Dans quel cas il faut suivre, à l’égard des mariages, les lois de la religion ; & dans quel cas il faut suivre les lois civiles.


Il est arrivé, dans tous les pays & dans tous les temps, que la religion s’est mêlée des mariages. Dès que de certaines choses ont été regardées comme impures ou illicites, & que cependant elles étoient nécessaires, il a bien fallu y appeler la religion, pour les légitimer dans un cas & les réprouver dans les autres.
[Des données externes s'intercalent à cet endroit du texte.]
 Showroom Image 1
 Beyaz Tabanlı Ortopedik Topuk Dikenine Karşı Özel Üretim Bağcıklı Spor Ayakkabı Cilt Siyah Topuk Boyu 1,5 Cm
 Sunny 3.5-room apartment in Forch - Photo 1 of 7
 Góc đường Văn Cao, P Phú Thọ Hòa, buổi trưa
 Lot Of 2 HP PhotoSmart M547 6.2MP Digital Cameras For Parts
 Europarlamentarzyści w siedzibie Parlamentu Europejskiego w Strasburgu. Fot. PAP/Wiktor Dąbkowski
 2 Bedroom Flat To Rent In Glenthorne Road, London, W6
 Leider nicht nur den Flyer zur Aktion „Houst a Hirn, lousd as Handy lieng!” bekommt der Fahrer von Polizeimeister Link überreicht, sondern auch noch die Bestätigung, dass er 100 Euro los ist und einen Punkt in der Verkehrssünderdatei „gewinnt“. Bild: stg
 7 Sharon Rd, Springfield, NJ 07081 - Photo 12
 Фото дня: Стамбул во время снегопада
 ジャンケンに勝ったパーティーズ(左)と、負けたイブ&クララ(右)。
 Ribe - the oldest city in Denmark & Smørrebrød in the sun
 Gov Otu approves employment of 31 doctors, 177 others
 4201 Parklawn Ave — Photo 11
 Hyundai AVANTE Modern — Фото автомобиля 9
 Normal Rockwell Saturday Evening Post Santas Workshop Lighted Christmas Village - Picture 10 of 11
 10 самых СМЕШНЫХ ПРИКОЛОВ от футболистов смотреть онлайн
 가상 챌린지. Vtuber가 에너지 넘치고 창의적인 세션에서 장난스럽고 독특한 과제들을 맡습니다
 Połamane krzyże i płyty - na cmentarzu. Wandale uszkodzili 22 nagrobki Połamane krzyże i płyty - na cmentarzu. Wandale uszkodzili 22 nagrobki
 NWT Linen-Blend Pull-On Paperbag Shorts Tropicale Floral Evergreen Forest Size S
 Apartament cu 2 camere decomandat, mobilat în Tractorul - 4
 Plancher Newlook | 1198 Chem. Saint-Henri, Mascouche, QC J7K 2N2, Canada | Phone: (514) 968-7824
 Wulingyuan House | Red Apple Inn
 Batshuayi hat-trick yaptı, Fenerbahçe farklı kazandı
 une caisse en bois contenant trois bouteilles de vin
D’un autre côté, les mariages étant, de toutes les actions humaines, celle qui intéresse le plus la société, il a bien fallu qu’ils fussent réglés par les lois civiles.

Tout ce qui regarde le caractere du mariage, sa forme, la maniere de le contracter, la fécondité qu’il procure, qui a fait comprendre à tous les peuples qu’il étoit l’objet d’une bénédiction particuliere, qui n’y étant pas toujours attachée, dépendoit de certaines graces supérieures ; tout cela est du ressort de la religion.

Les conséquences de cette union par rapport aux biens, les avantages réciproques, tout ce qui a du rapport à la famille nouvelle, à celle dont elle est sortie, à celle qui doit naître ; tout cela regarde les lois civiles.

Comme un des grands objets du mariage est d’ôter toutes les incertitudes des conjonctions illégitimes, la religion y imprime son caractere, & les lois civiles y joignent le leur, afin qu’il ait toute l’authenticité possible. Ainsi, outre les conditions que demande la religion pour que le mariage soit valide, les lois civiles en peuvent encore exiger d’autres.

Ce qui fait que les lois civiles ont ce pouvoir, c’est que ce sont des caracteres ajoutés, & non pas des caracteres contradictoires. La loi de la religion veut de certaines cérémonies, & les lois civiles veulent le consentement des peres ; elles demandent en cela quelque chose de plus, mais elles ne demandent rien qui soit contraire.

Il suit de là que c’est à la loi de la religion à décider si le lien sera indissoluble, ou non : car si les lois de la religion avoient établi le lien indissoluble, & que les civiles eussent réglé qu’il se peut rompre, ce seroient deux choses contradictoires.

Quelquefois les caracteres imprimés au mariage par les lois civiles, ne sont pas d’une absolue nécessité ; tels sont ceux qui sont établis par les lois qui, au lieu de casser le mariage, se sont contentées de punir ceux qui le contractoient.

Chez les Romains, les lois Pappiennes déclarerent injustes les mariages qu’elles prohiboient, & les soumirent seulement à des peines[1] ; & le senatus-consulte rendu sur le discours de l’empereur Marc-Antonin, les déclara nuls ; il n’y eut plus[2] de mariage, de femme, de dot, de mari. La loi civile se détermine selon les circonstances : quelquefois elle est plus attentive à réparer le mal, quelquefois à le prévenir.


  1. Voyez ce que j’ai dit ci-dessus au chap. xxi du livre des lois, dans le rapport qu’elles ont avec le nombre des habitans.
  2. Voyez les loi XVI, ff. de ritu nuptiarum ; & la loi III, §. I, aussi au digeste de donationibus inter virum & uxorem.